# [ASSIGNED TASK]
Return the data below exactly, but only from the line containing "Preview: Blogger on" through the line containing "Tightrope walker Maxim", with both of those lines included.

Items listed in a dataset
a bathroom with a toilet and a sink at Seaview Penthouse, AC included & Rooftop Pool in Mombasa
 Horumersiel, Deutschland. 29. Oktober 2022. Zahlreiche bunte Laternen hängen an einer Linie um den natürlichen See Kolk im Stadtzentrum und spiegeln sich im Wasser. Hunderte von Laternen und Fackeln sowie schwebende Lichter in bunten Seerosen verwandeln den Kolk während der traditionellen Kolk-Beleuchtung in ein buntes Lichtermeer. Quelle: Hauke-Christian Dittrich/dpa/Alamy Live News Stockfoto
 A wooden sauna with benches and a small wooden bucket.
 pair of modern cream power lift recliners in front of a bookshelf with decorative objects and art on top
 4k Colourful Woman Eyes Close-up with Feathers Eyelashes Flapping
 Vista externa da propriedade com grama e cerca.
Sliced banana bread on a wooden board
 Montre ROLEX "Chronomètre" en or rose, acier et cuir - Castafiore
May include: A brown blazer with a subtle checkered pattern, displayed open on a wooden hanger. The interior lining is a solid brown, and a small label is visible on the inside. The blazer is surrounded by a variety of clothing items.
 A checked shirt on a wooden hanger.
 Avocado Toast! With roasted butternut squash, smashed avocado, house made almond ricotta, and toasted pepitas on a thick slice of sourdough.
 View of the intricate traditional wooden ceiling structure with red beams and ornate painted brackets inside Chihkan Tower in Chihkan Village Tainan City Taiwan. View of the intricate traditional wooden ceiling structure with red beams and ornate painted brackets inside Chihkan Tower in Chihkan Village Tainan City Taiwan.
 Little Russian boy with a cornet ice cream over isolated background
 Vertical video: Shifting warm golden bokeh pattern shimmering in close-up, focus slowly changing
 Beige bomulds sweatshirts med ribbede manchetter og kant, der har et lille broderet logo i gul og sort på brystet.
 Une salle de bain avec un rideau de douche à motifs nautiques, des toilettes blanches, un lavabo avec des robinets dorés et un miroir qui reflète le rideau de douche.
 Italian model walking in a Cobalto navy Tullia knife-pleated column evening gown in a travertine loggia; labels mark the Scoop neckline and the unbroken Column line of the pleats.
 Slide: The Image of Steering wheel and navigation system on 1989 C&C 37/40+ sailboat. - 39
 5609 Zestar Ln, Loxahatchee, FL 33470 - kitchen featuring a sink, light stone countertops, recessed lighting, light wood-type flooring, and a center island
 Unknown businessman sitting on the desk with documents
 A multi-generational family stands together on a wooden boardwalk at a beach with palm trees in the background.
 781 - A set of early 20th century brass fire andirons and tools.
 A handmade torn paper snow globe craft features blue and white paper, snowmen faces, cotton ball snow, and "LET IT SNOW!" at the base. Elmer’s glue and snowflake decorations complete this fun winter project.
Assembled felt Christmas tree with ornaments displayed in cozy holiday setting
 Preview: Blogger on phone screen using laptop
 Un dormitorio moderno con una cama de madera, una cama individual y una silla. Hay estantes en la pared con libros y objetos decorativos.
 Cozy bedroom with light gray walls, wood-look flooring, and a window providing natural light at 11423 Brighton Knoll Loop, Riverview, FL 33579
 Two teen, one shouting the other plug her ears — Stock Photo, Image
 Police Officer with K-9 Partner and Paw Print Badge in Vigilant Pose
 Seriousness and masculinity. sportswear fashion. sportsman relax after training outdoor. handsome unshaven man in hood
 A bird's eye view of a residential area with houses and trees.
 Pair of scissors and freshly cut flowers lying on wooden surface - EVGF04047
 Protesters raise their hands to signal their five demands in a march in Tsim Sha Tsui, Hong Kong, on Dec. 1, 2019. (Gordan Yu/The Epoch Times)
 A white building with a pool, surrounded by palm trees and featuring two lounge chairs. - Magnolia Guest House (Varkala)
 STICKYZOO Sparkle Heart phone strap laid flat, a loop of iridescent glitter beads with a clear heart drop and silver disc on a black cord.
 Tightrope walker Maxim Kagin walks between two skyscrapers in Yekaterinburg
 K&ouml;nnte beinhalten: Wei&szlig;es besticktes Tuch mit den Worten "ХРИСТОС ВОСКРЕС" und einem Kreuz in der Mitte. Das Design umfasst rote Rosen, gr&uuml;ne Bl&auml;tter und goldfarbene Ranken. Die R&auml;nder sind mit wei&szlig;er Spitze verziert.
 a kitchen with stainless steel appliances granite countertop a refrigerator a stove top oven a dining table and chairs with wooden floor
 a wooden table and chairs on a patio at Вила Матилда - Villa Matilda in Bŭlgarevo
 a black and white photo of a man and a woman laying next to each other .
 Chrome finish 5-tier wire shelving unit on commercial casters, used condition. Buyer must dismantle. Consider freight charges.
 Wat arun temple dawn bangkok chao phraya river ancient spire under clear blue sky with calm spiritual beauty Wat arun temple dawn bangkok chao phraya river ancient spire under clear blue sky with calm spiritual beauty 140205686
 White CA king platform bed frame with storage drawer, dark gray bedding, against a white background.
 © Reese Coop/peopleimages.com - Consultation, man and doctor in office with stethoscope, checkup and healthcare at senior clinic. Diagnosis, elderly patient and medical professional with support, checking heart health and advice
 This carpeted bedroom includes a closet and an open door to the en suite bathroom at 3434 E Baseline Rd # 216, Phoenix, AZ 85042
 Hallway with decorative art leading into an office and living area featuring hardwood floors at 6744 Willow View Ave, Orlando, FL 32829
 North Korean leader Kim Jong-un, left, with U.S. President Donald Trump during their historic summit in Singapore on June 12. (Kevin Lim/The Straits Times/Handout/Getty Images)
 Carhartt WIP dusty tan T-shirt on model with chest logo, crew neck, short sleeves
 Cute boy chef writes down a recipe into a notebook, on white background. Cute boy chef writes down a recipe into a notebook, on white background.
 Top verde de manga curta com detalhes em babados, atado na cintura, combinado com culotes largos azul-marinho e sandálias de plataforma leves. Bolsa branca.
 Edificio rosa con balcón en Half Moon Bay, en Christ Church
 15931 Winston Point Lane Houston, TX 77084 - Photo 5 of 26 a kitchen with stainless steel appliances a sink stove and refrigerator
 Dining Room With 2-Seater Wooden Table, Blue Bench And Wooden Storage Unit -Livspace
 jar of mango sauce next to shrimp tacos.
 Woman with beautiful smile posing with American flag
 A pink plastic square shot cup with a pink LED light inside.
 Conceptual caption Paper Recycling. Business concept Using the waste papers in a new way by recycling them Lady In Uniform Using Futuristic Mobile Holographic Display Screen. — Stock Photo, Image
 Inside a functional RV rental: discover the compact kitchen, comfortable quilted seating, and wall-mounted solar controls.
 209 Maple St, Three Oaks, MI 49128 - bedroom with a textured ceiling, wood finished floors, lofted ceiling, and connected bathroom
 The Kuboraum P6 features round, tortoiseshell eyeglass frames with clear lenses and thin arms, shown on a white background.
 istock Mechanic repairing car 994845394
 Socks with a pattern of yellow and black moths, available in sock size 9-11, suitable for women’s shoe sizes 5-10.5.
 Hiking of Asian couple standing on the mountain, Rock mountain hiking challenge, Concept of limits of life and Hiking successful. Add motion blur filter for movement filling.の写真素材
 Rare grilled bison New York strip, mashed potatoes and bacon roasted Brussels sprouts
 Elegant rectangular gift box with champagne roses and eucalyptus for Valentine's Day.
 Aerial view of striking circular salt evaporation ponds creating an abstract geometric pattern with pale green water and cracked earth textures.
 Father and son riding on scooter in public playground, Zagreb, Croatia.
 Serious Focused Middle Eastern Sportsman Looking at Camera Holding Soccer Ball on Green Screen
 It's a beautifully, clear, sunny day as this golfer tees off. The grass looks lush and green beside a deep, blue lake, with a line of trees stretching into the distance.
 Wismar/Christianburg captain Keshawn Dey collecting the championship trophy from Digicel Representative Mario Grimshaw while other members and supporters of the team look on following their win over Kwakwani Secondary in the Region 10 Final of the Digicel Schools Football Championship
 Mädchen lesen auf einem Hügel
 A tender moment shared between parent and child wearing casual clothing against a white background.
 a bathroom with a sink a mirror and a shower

# [RESPONSE]
 Preview: Blogger on phone screen using laptop
 Un dormitorio moderno con una cama de madera, una cama individual y una silla. Hay estantes en la pared con libros y objetos decorativos.
 Cozy bedroom with light gray walls, wood-look flooring, and a window providing natural light at 11423 Brighton Knoll Loop, Riverview, FL 33579
 Two teen, one shouting the other plug her ears — Stock Photo, Image
 Police Officer with K-9 Partner and Paw Print Badge in Vigilant Pose
 Seriousness and masculinity. sportswear fashion. sportsman relax after training outdoor. handsome unshaven man in hood
 A bird's eye view of a residential area with houses and trees.
 Pair of scissors and freshly cut flowers lying on wooden surface - EVGF04047
 Protesters raise their hands to signal their five demands in a march in Tsim Sha Tsui, Hong Kong, on Dec. 1, 2019. (Gordan Yu/The Epoch Times)
 A white building with a pool, surrounded by palm trees and featuring two lounge chairs. - Magnolia Guest House (Varkala)
 STICKYZOO Sparkle Heart phone strap laid flat, a loop of iridescent glitter beads with a clear heart drop and silver disc on a black cord.
 Tightrope walker Maxim Kagin walks between two skyscrapers in Yekaterinburg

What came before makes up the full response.